How to Use This Survey
I have used this student interest and experience questionnaire more or less unchanged for the past four years. I have my students fill these out in class toward the end of our first meeting. I enjoy overhearing the kids chat enthusiastically with one another about the questions as they complete their surveys in class. For this reason, I prefer to have them complete this in class instead of taking it home. This also ensures that I receive all of them back.
Not only do I get valuable information about the students who I will be with for 90-minutes a day for the next 18 weeks, but this questionnaire also serves to put everyone at ease and reinforces my opening message that for the most part, they are the curriculum.
While I do read all the questionnaires after I get them back on the first day, this is a lot of information to process at one time. I like to re-read my students’ responses throughout the year. You’ll impress your students and yourself with how many details you’ll remember in the moment if you go through these regularly. Once we’re a few weeks into the semester and I have a feel for who is outspoken and who is more reserved, I like to pick a few of the quieter kids and review their questionnaires. Talking to them about what they wrote or incorporating some of their responses into your lessons can often help them feel like they’re just as much a part of the class.
Have you ever had a lesson that took less time than you thought, a discussion that fizzed out, or a story that flopped? We all have had! Keep your stack of these completed surveys handy the next time this happens. Read a few items from a survey without saying who it belongs to and see if the class can guess.
Why You Should Use This Questionnaire
Obviously we want our students to know that we care about them from day one. We’ve all heard something to the tune of, “Students don’t care what you know until they know you care.” Getting a kid to buy into a class that is conducted in another language doubles or triples the truth in this statement. I have written previously about the things that your students need to hear you say on the first day of class. Whether they admit it or not, students of all ages do care that you care about what is important to them.
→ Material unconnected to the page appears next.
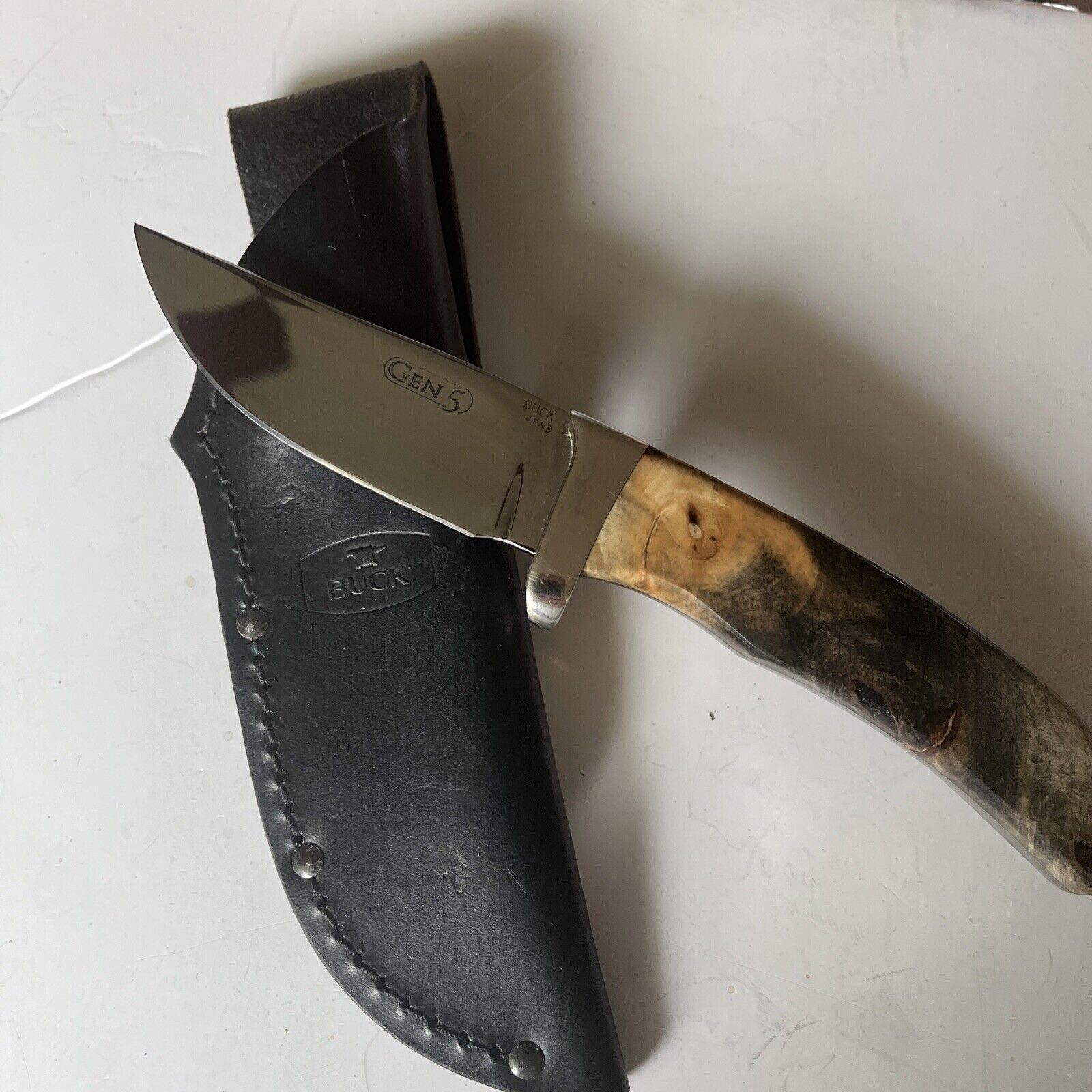 Buck knife GEN 5, Buckeye Burlwood Handle. Made In The USA.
Asking the questions in this survey in the first several days of class establishes that we value our students’ interests. It’s also a great segue into Picture and Movie Talk because you can use the students’ responses to inform your lesson designs no matter how formal or informal you prefer to make them. If nobody in the class is in band or plays an instrument, then maybe you skip talking at length about the upcoming band concert.
I use the students’ responses just as much in class as I do outside of it. Seeing a student wearing a concert t-shirt or eating their favorite food in the cafeteria will remind me of other things that they put down on their questionnaire. We both win; we enjoy a good conversation, the student sees that their teacher is a human being, and they know that someone is interested in them enough to take the time to ask them about the things that are important to them. Every kid deserves a champion, right?
While I enjoy reading through my students’ responses and chatting with them about things they wrote on their surveys at the start of the semester, the real magic with this document comes later in the year. Even though I only have my kids for a semester, most of them forget that they filled this out in the fog of the first week of classes. They are amazed when I bring something up during PQA (personalized questions and answers) or Special Person Interviews. Wait until you see the look on their faces that is both shocked and flattered as they wonder how on earth their teacher knows some obscure detail about one of their interests. I find that students not only sometimes forget what they wrote down, but that their interests can change even during the course of a semester.
You probably realized the importance of relationships very early on in your transition to CI-based teaching. As teachers, it’s all too easy to get too busy to nurture them, but we would be wise to take every opportunity we can to remember how much the little positive interactions we have with our students matter. You might have only glanced for a moment at the part where the reticent freshman girl wrote about how she volunteered over summer vacation helping handicapped kids ride horses, but that student is going to remember that you cared enough to ask and will tell you so at graduation (true story).